---------- EXERCISE DATA

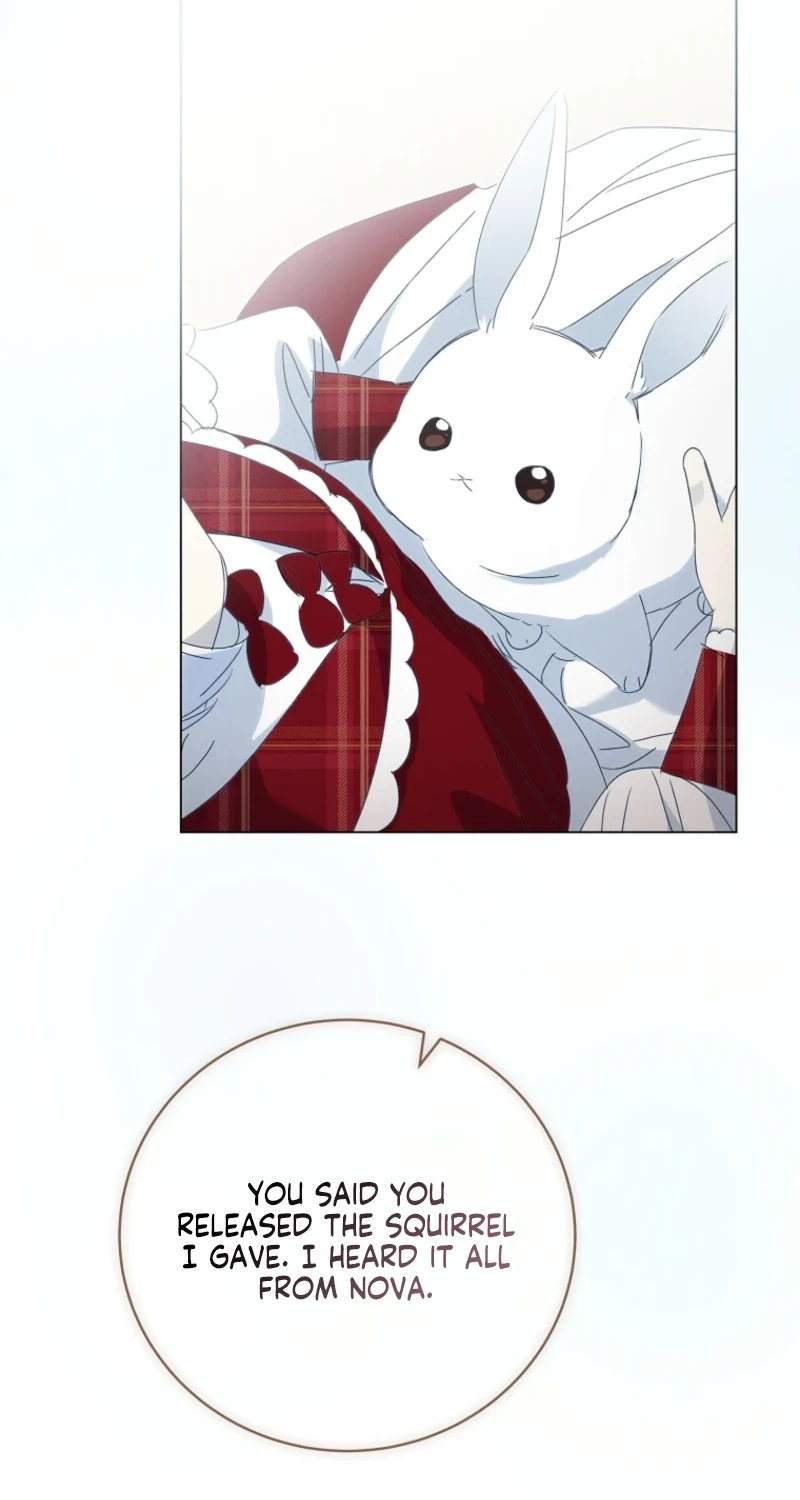 The Princess Reincarnation Chapter 70 page 86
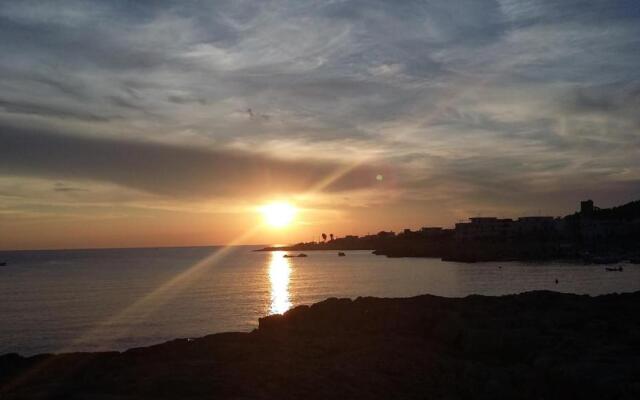 Casa Vacanza Elvira Porto Selvaggio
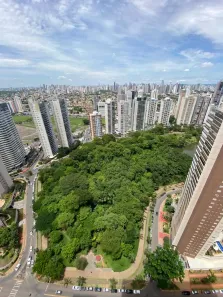 Apartamento com 3 Quartos à venda, 201m² no Jardim Goiás, Goiânia
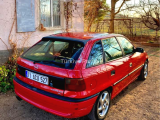 Opel Astra 1.6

--------------------

▶ _TASK BRIEF_
Leave out every picture and write out exactly the lines running from the line containing "Casa Vacanza Elvira Porto Selvaggio" to the end of the listing above.

▶ _SOLUTION TO THE PROBLEM_
 Casa Vacanza Elvira Porto Selvaggio
 Apartamento com 3 Quartos à venda, 201m² no Jardim Goiás, Goiânia
 Opel Astra 1.6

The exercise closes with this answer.